How can I ignore ValueError when I try to remove an element from a list?

Question

How can I ignore the \"not in list\" error message if I call a.remove(x) when x is not present in list a?

This is my situation:

Answer 1

When I only care to ensure the entry is not in a list, dict, or set I use contextlib like so:

import contextlib

some_list = []
with contextlib.suppress(ValueError):
    some_list.remove(10)

some_set = set()
some_dict = dict()
with contextlib.suppress(KeyError):
    some_set.remove('some_value')
    del some_dict['some_key']

Answer 2

As an alternative to ignoring the ValueError

try:
    a.remove(10)
except ValueError:
    pass  # do nothing!

I think the following is a little more straightforward and readable:

if 10 in a:
    a.remove(10)

Answer 3

you have typed wrong input. syntax: list.remove(x)

and x is the element of your list. in remove parenthesis ENTER what already have in your list. ex: a.remove(2)

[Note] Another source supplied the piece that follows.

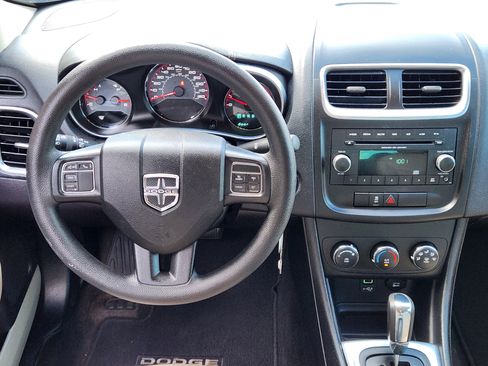Used 2014 Dodge Avenger SE FWD image 25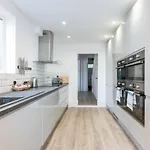 펜션 6 Longfield Terrace Elegant, Modern 5 Bed House With Free Parking Pass The Keys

i have entered 2 because it has in list. I hape this data help you.

Answer 4

I'd personally consider using a set instead of a list as long as the order of your elements isn't necessarily important. Then you can use the discard method:

>>> S = set(range(10))
>>> S
set([0, 1, 2, 3, 4, 5, 6, 7, 8, 9])
>>> S.remove(10)
Traceback (most recent call last):
  File "<stdin>", line 1, in <module>
KeyError: 10
>>> S.discard(10)
>>> S
set([0, 1, 2, 3, 4, 5, 6, 7, 8, 9])

Answer 5

How about list comprehension?

a = [x for x in a if x != 10]

Answer 6

A better way to do this would be

source_list = list(filter(lambda x: x != element_to_remove,source_list))

Because in a more complex program, the exception of ValueError could also be raised for something else and a few answers here just pass it, thus discarding it while creating more possible problems down the line.